» Aim of the task
The expected output is an exact copy of the lines from the one containing "Load image into" to the final line below, minus any pictures.
─── Material for this exercise ───
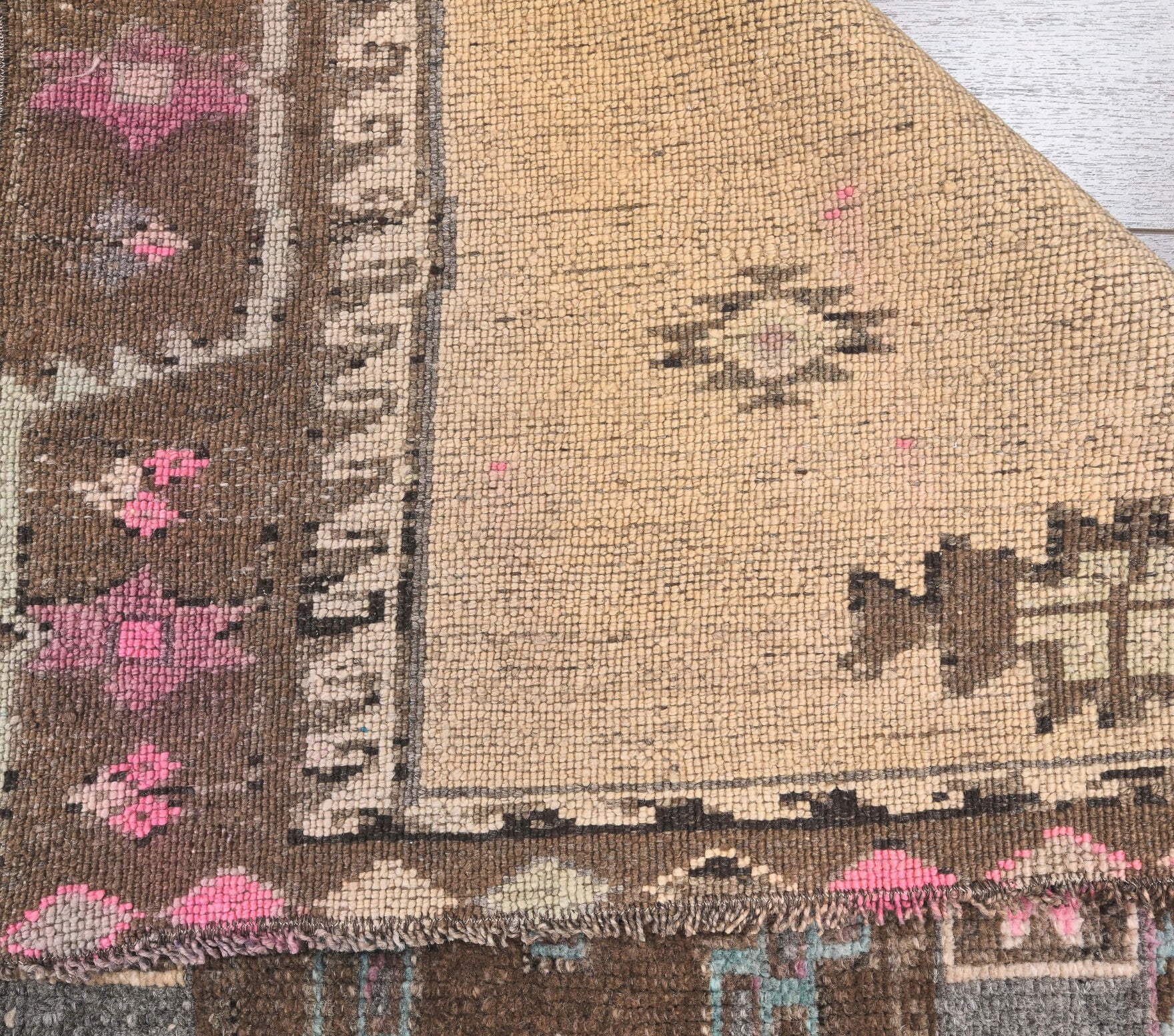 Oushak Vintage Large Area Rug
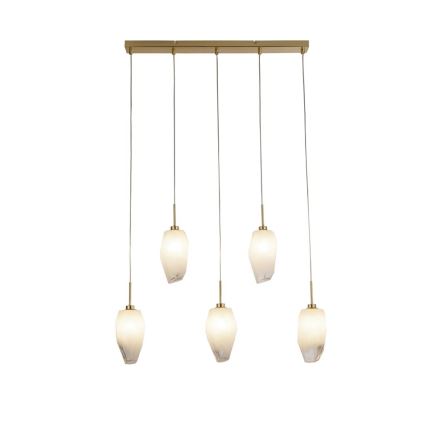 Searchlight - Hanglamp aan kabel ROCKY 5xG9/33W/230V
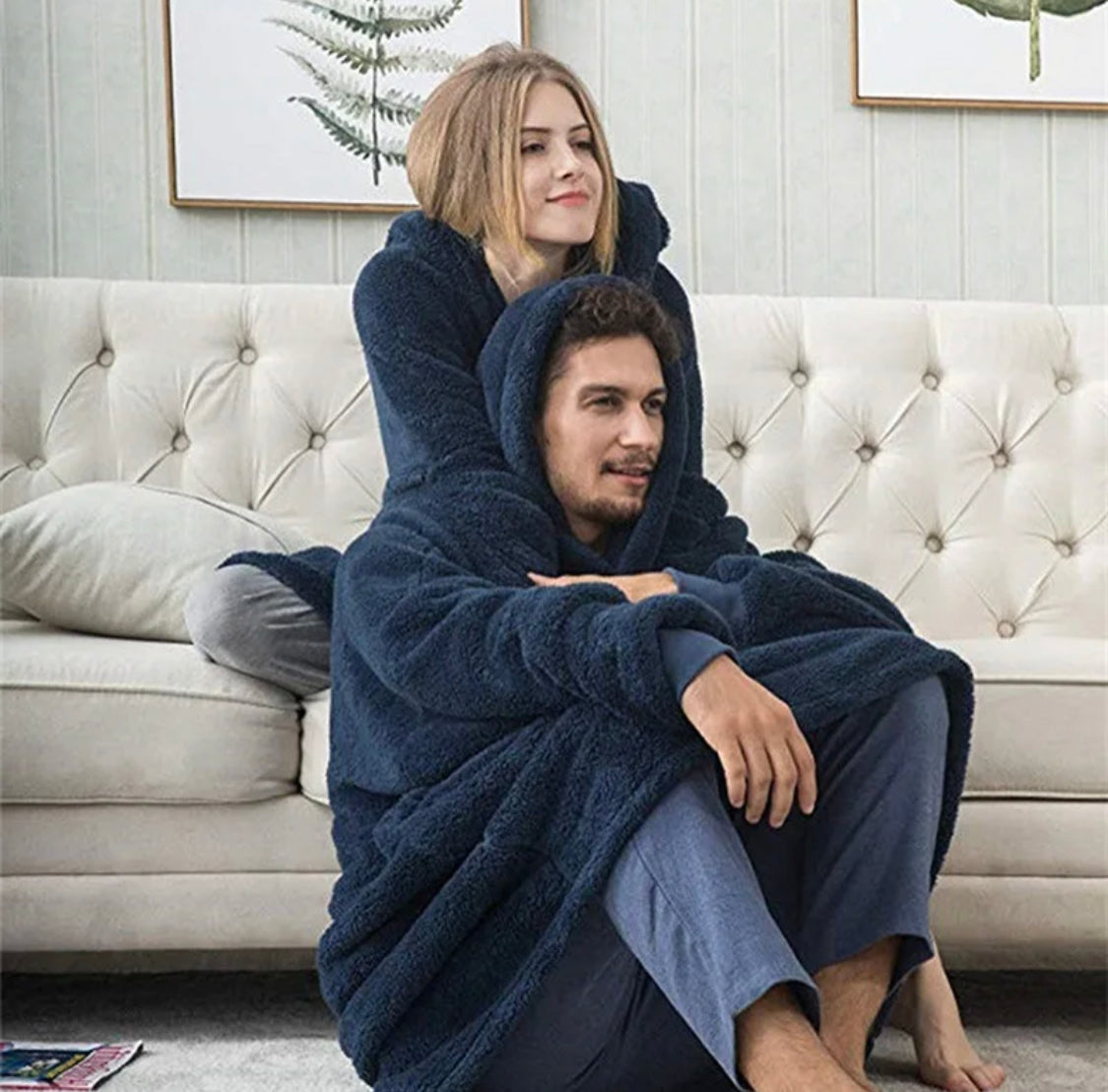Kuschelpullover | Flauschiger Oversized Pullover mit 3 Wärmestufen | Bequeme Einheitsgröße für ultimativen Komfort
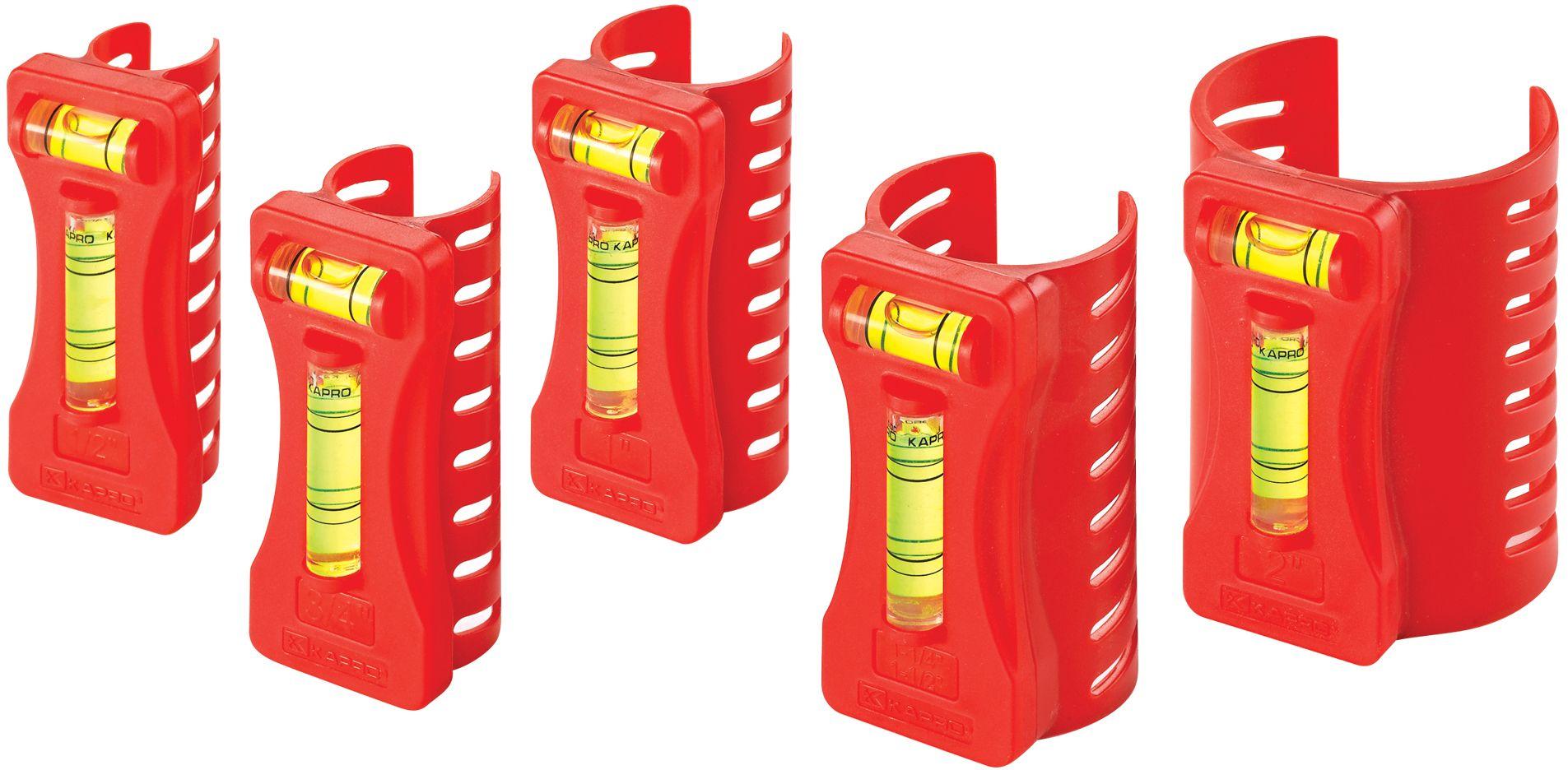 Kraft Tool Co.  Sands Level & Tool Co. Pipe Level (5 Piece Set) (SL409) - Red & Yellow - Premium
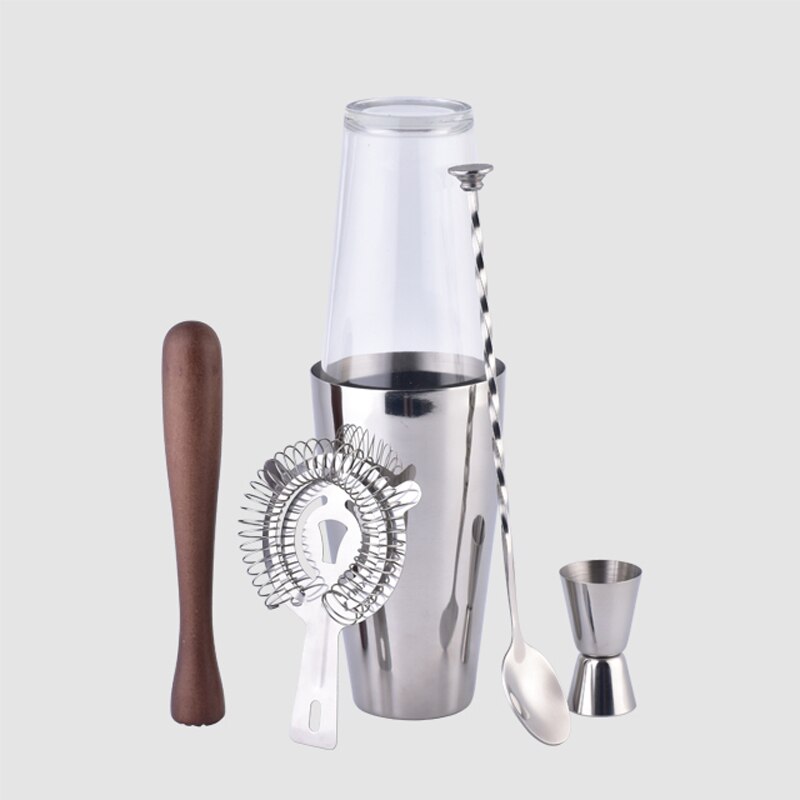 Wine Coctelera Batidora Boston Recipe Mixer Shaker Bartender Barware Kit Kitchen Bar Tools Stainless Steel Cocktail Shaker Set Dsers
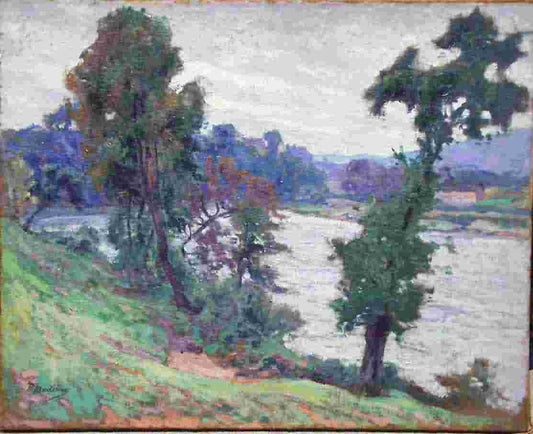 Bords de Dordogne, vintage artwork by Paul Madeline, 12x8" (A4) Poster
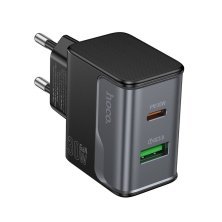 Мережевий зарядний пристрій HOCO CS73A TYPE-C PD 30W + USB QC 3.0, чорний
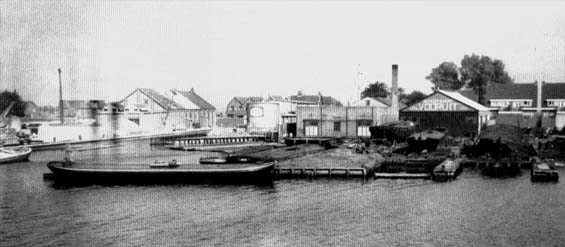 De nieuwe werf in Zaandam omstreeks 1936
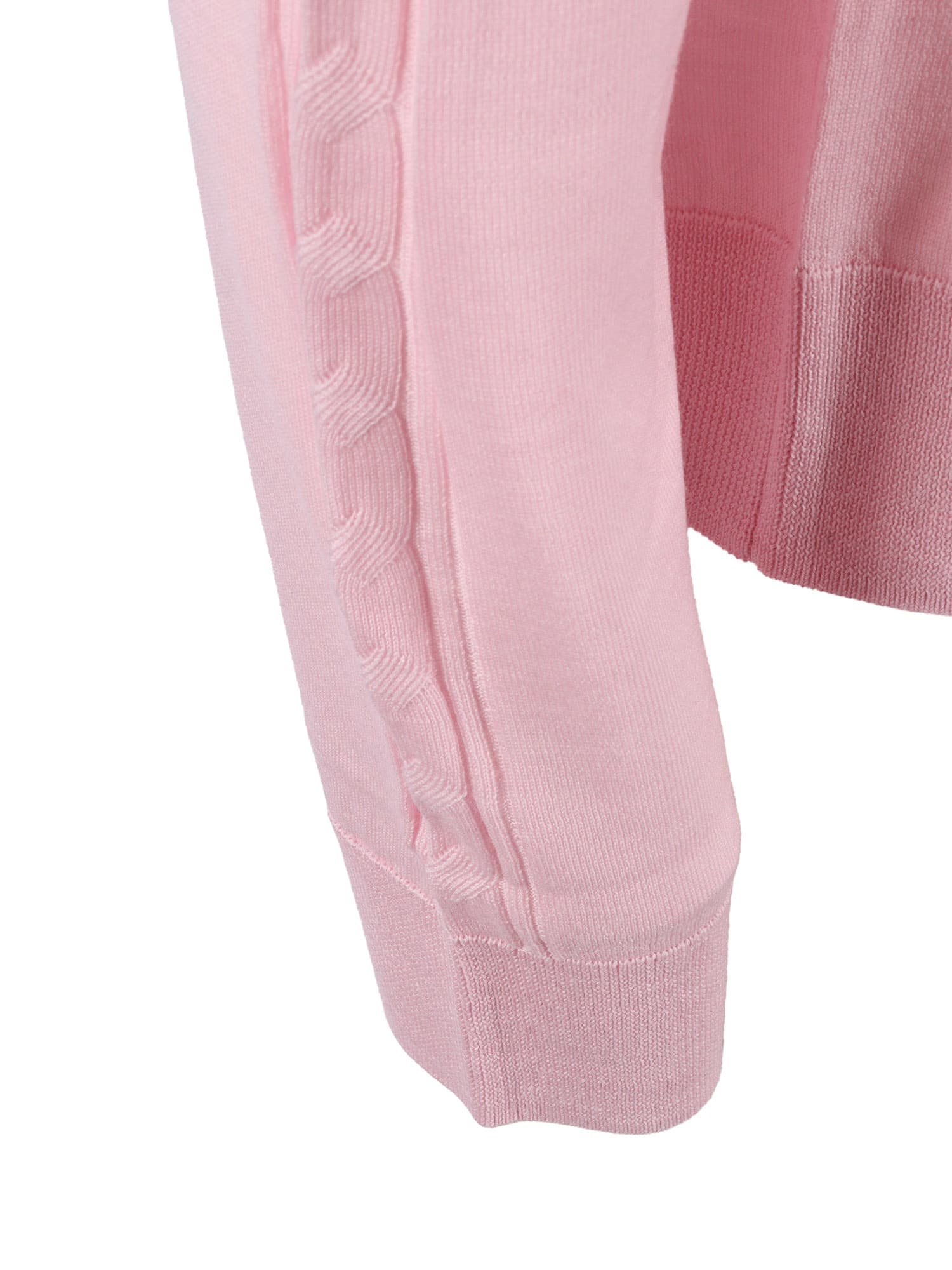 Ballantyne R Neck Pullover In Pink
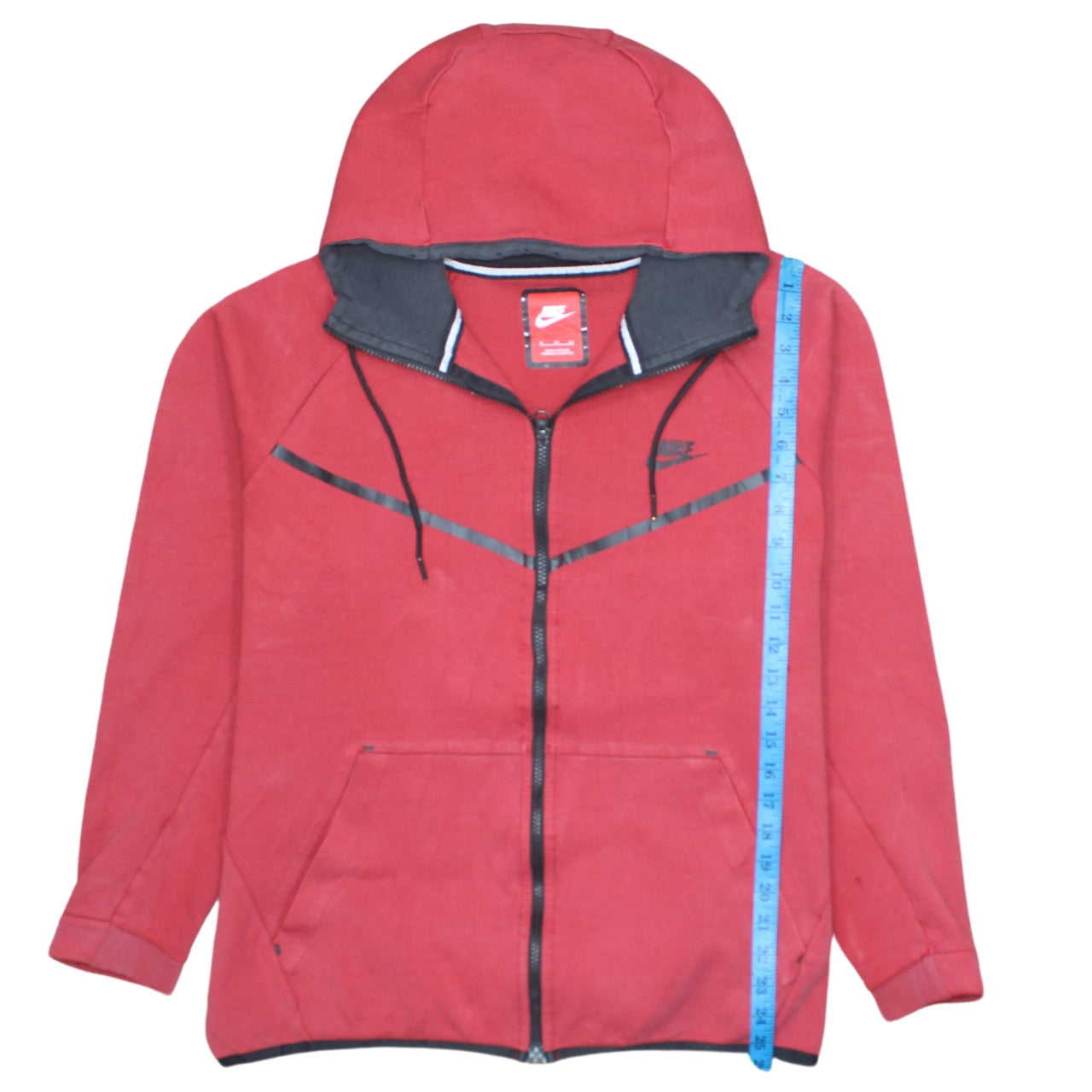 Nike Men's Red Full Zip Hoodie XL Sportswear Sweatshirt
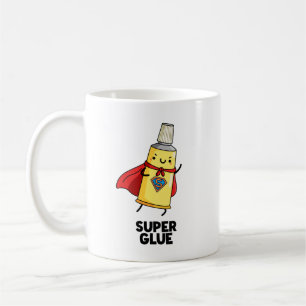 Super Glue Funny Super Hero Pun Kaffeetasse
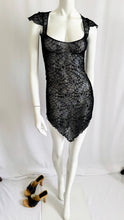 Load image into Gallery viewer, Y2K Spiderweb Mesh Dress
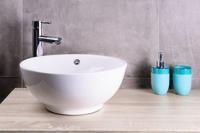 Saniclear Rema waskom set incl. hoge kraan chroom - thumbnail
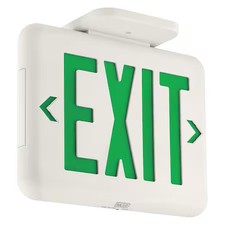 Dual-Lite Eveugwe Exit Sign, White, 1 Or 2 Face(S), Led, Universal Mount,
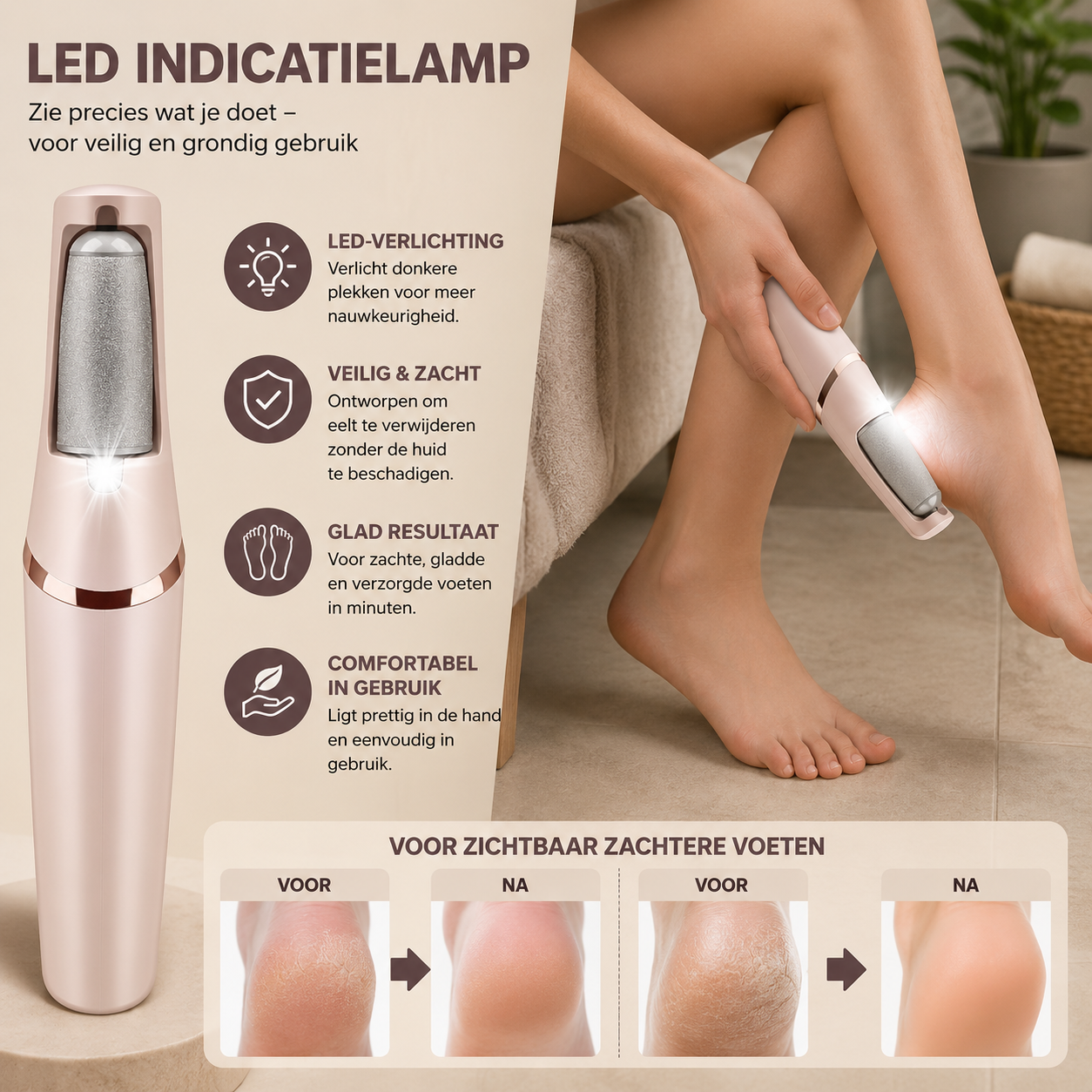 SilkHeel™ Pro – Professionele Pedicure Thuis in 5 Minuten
───
» Written answer
 Load image into Gallery viewer, Y2K Spiderweb Mesh Dress
 Saniclear Rema waskom set incl. hoge kraan chroom - thumbnail
 Dual-Lite Eveugwe Exit Sign, White, 1 Or 2 Face(S), Led, Universal Mount,
 SilkHeel™ Pro – Professionele Pedicure Thuis in 5 Minuten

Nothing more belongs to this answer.